Start of Block

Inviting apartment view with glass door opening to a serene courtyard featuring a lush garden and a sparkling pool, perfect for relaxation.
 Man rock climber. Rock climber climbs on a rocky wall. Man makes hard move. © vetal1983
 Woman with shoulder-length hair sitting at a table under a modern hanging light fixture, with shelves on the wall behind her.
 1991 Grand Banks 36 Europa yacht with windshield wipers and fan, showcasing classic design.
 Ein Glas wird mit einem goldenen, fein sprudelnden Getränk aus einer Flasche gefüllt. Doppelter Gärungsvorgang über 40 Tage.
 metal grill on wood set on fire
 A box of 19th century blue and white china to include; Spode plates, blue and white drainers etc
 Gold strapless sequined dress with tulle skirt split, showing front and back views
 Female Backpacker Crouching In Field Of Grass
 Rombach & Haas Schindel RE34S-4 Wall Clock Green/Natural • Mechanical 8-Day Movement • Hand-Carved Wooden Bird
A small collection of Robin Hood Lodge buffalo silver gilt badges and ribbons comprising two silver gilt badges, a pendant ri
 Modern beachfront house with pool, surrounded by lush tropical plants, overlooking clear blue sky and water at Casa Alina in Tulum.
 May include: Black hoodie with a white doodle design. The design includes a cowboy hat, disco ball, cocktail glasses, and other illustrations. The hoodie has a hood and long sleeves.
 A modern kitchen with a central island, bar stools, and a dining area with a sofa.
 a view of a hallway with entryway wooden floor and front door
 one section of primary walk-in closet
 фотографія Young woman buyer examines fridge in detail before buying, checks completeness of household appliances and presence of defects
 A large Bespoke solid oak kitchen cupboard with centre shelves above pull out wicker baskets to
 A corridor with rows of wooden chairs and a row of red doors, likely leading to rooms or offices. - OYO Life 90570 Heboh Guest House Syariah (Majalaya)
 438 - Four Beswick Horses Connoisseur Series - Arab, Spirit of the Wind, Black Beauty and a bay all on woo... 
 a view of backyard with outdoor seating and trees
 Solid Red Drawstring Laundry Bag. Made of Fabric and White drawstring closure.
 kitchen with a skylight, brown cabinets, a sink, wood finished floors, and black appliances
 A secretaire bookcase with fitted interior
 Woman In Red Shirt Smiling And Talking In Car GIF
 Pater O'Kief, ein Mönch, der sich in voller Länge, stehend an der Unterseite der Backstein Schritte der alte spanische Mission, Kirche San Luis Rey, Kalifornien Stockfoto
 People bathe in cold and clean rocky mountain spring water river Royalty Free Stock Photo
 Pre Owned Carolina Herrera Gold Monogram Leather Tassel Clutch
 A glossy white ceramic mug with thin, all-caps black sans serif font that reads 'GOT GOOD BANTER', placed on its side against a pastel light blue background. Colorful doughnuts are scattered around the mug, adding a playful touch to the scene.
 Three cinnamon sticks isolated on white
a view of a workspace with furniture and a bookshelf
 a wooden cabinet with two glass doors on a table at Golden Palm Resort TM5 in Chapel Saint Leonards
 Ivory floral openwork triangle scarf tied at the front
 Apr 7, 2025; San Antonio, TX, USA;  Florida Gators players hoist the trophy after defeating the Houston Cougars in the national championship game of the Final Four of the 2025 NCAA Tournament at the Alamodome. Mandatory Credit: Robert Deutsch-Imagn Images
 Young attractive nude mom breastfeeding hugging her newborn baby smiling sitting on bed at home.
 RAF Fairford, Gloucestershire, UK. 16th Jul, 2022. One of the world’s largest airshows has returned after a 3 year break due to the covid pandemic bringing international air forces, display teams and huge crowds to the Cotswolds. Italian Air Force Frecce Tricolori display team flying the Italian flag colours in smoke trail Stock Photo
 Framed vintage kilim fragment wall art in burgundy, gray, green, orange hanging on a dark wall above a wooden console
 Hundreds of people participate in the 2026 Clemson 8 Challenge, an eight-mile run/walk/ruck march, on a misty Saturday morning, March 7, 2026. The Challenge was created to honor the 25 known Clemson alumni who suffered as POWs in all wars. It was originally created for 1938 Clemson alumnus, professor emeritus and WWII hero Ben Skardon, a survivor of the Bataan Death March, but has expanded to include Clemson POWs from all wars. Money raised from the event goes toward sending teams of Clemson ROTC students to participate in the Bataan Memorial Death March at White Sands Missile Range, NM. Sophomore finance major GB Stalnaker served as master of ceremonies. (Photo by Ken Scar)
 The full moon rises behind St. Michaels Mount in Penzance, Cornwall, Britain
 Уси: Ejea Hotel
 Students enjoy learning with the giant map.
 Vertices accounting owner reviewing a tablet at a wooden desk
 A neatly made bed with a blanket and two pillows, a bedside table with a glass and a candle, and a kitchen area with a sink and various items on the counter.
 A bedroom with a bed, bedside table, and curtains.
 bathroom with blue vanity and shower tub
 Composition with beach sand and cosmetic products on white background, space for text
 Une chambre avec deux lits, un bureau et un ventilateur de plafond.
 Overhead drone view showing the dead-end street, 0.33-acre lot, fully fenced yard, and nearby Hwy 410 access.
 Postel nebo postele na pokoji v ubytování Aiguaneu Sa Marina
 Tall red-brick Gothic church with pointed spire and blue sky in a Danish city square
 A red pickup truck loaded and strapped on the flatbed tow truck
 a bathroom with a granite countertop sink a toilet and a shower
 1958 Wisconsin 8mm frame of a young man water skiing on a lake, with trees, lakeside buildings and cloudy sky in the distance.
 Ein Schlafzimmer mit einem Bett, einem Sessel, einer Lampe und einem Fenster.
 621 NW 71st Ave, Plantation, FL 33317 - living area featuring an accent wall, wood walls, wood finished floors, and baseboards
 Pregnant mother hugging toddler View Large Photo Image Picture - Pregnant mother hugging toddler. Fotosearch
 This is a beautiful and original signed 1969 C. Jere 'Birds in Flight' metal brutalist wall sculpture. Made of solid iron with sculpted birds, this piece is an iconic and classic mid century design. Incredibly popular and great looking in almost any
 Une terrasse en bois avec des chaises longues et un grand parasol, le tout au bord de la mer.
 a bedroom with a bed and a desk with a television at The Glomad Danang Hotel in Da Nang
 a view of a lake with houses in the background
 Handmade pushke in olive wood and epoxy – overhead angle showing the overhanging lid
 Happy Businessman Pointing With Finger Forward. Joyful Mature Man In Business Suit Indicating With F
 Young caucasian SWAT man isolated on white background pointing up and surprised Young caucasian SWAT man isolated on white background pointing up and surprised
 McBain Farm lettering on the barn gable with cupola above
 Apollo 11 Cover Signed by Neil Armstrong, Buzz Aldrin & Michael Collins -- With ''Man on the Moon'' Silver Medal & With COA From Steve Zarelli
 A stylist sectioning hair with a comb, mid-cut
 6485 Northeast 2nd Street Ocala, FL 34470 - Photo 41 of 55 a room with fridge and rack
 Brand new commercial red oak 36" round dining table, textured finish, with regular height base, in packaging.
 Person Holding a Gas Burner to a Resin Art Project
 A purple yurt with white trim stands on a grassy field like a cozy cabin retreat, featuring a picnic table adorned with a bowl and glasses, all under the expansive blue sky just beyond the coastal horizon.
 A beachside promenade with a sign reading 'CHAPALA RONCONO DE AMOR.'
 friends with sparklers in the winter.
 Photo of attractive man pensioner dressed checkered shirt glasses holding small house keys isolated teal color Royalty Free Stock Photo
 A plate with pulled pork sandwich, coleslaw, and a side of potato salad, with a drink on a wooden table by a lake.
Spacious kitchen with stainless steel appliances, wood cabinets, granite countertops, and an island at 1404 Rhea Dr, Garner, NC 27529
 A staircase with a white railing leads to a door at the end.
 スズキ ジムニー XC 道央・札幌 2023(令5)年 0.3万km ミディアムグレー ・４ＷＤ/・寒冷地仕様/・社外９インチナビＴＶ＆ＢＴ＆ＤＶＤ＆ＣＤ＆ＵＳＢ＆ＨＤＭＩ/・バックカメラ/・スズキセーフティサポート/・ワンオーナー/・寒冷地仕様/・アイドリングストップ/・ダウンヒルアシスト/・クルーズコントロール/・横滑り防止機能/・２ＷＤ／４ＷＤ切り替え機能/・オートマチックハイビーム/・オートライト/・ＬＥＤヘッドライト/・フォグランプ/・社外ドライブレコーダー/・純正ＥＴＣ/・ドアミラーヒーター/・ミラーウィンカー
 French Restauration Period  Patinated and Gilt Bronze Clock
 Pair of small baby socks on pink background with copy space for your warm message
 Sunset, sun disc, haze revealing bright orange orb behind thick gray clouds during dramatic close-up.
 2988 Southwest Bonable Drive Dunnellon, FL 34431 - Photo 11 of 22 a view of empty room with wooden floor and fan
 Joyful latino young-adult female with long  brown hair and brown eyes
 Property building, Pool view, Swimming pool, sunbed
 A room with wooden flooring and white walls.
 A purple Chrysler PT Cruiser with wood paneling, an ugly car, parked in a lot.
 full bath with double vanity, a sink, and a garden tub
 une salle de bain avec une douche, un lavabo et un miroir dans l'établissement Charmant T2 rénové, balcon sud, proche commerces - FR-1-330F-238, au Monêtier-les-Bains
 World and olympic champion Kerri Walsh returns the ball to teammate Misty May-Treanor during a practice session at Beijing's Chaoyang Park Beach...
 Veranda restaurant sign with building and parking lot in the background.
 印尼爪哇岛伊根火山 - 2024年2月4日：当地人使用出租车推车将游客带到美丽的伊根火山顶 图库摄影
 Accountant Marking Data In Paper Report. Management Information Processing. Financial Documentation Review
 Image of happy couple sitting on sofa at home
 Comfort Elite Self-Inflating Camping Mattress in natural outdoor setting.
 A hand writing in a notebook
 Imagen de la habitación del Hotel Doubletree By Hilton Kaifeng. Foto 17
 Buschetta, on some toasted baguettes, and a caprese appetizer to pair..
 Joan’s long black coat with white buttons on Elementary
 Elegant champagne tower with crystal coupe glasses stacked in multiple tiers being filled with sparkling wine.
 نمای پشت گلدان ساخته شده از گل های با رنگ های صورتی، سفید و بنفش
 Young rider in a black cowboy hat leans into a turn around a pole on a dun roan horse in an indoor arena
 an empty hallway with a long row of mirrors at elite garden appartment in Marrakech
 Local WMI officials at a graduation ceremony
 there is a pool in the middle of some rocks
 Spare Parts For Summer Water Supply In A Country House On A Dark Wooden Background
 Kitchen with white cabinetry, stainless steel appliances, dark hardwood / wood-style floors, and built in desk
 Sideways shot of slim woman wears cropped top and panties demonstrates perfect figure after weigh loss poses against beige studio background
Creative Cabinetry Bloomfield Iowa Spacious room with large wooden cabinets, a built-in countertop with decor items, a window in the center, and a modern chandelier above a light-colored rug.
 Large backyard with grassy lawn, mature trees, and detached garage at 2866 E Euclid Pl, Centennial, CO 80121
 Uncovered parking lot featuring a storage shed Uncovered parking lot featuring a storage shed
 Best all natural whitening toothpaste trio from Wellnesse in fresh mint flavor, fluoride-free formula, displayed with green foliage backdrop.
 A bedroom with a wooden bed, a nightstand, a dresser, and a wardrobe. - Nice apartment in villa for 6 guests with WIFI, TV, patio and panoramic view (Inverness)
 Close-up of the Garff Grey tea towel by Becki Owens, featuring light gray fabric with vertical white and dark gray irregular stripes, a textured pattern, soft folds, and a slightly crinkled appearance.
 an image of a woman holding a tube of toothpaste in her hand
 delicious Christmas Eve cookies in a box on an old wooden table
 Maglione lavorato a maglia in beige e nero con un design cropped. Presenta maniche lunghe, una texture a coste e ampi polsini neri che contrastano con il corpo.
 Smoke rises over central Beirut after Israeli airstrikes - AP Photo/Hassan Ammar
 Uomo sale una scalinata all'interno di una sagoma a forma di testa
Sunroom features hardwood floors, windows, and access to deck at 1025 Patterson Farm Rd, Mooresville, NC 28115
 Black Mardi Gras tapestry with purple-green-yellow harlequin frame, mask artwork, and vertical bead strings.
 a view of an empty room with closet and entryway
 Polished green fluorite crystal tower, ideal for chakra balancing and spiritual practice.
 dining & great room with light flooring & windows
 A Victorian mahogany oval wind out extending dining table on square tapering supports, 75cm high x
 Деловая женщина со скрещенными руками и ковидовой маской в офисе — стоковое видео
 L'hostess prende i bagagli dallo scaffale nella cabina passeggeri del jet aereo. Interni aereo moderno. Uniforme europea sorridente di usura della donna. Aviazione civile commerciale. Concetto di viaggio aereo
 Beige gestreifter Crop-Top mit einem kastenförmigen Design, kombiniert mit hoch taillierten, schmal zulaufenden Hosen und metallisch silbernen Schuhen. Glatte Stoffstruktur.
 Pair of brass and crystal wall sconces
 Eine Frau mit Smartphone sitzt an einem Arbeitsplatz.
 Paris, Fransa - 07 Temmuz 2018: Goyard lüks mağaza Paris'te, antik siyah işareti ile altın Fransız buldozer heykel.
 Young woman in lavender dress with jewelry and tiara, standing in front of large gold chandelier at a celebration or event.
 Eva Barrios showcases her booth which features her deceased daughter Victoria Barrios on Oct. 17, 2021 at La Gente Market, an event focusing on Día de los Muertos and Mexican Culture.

End of Block

- **Work to complete**:
Start with the first line of the data and print every line exactly. The line containing "A small collection" is the last one to include.

- **Result for this task**:
Inviting apartment view with glass door opening to a serene courtyard featuring a lush garden and a sparkling pool, perfect for relaxation.
 Man rock climber. Rock climber climbs on a rocky wall. Man makes hard move. © vetal1983
 Woman with shoulder-length hair sitting at a table under a modern hanging light fixture, with shelves on the wall behind her.
 1991 Grand Banks 36 Europa yacht with windshield wipers and fan, showcasing classic design.
 Ein Glas wird mit einem goldenen, fein sprudelnden Getränk aus einer Flasche gefüllt. Doppelter Gärungsvorgang über 40 Tage.
 metal grill on wood set on fire
 A box of 19th century blue and white china to include; Spode plates, blue and white drainers etc
 Gold strapless sequined dress with tulle skirt split, showing front and back views
 Female Backpacker Crouching In Field Of Grass
 Rombach & Haas Schindel RE34S-4 Wall Clock Green/Natural • Mechanical 8-Day Movement • Hand-Carved Wooden Bird
A small collection of Robin Hood Lodge buffalo silver gilt badges and ribbons comprising two silver gilt badges, a pendant ri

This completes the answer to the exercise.